Cloud Adoption, where to start: CEO

This is the third blog in a series on Cloud Adoption and Cloud Migration. Previously I wrote “The GAP between Cloud Migration and Cloud Adoption” and “Office 365 and Bandwidth – Adoption to Cloud Computing“. This one is on Ownership of Cloud Adoption and Ownership of Cloud Migration. As explained in previous mentioned posts Adoption and Migration are two totally different things.

IT Departments are responsible for Cloud Migration(s). It’s about the technical challenges of moving workloads to the Cloud. Ownership of Migration lies with the IT Department, somewhat automatically delegated by the Organization. Not much to discuss here.

Now Cloud Adoption, who has Ownership of that? I have seen a lot of Migrations not yielding the expected results, not because it was a bad Migration but because the Organization did not benefit from it, or even worse, continued “business as usual”. Didn’t even have to do with Cloud Migrations; could be Onprem Exchange, SharePoint, Desktop OS or Office migrations as well. A lot of Organizations run the latest versions of those but still live in the dark ages when it comes to using them. Because nobody in the Organization took Ownership of the Adoption. Mostly that was left to IT Managers. But who listens to IT Managers, not the Sales and Marketing Managers for sure. They are busy. And so any free 1996 Pegasus mail server and mail client could actually do the job. IT should not be owner of the Adoption of features made possible by the Migration. It should work the other way around. First there is a Feature Requirement list made by the Business. Out of that an IT Project/Migration may get started.

That being said, Adoption first, leaves the question of who must be the Owner if not IT. The answer to that is very simple: the CEO. If the CEO is not the Owner of Adoption every IT Manager will set himself up for failure when engaging in whatever Migration. Adoption touches the very heart and nature of the way people work and thus the Organization. If that is not endorsed, empowered and owned by the CEO, well, good luck. All will trickle down into the Organization from the highest management making sure all is in place when the stages of Migration arrive. I have very good experiences with Migrating higher Management first. Let them “Walk the Talk” and show that “all is well”.

Also, when progress stops because of CEO’s are not taking Ownership, Shadow-IT becomes a painful reality. Percentages of users finding their own way to do their job are rising, IT loses yet more control as will the Organization itself. Mobile Devices, Tablets, Notebooks, Drop Box, Skype, OneDrive, unmanaged devices, unmanaged storage, where is the corporate content going? That makes any’s Organizations fear of safety in the Cloud a bit ridiculous, doesn’t it?
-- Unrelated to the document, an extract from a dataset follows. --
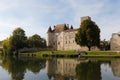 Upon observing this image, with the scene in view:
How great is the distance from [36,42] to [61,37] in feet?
37.4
To set up that CEO’s come back in control IT Management needs to have good connections with the higher Management. As a Consultant I can’t do much if I’m stuck on the level of IT. IT may understand what direction to go or not, but if higher management speaks a different language then IT is also stuck. This morning I had a one hour conversation on this with the IT Manager of one of my customers. He’s stuck in that exact situation. I could only listen to him and coach him on how to repair the damages of the past in those lines of communication in order for his CEO to get aligned again and put his fist on the table to move forward. I asked him to keep me posted on how that will go.

Another Customer sits at the other side of this. His CEO is enrolled in Azure and they are really moving forward FAST now. The CEO knows nothing about Technology but he was informed in such a way he could endorse and empower the Organization to move in that direction.

Conclusion: Cloud Adoption starts at the CEO!

 

CEO’s, Happy Adopting!!! You really should!